:: Dataset section
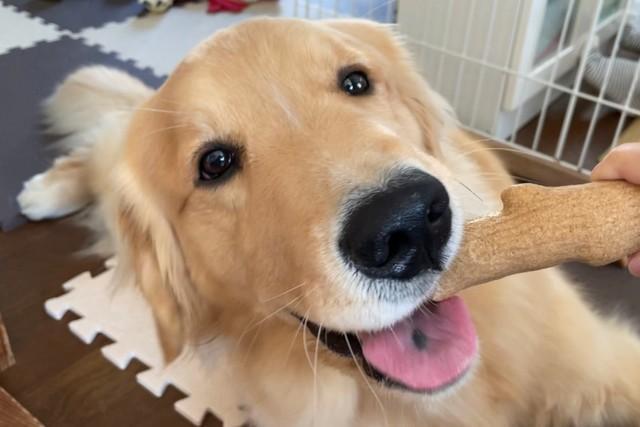 「先生、どうしよう!」寝ながら痙攣し始めた子犬…獣医に駆け込んだ結果「恥ずかしい…」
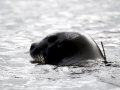 Bearded Seal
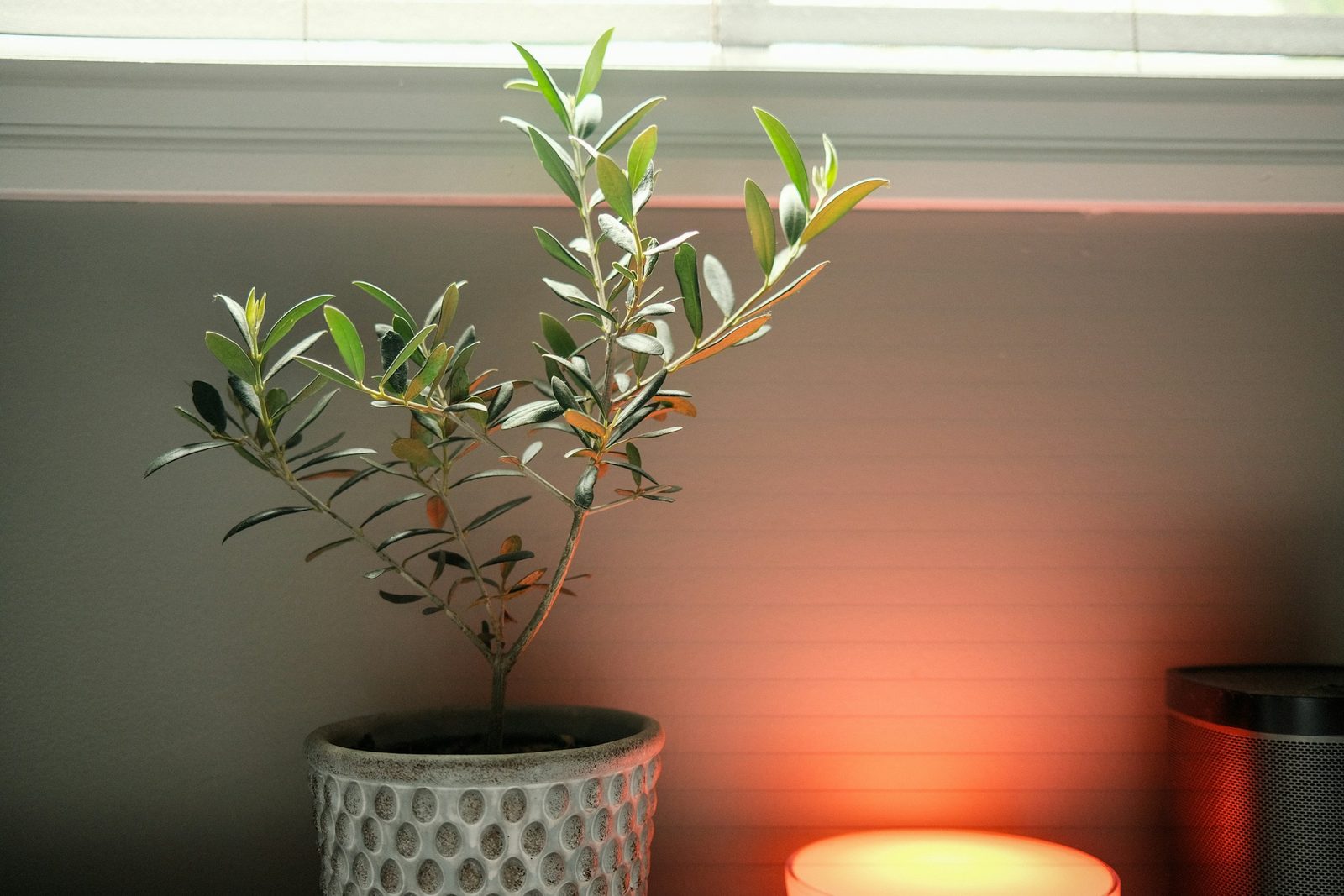 A small olive tree in a ceramic pot, lit by a warm lamp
::::
Work request —
Where an image appears in the data, skip it, and return the rest verbatim.

Output for this task —
 「先生、どうしよう!」寝ながら痙攣し始めた子犬…獣医に駆け込んだ結果「恥ずかしい…」
 Bearded Seal
 A small olive tree in a ceramic pot, lit by a warm lamp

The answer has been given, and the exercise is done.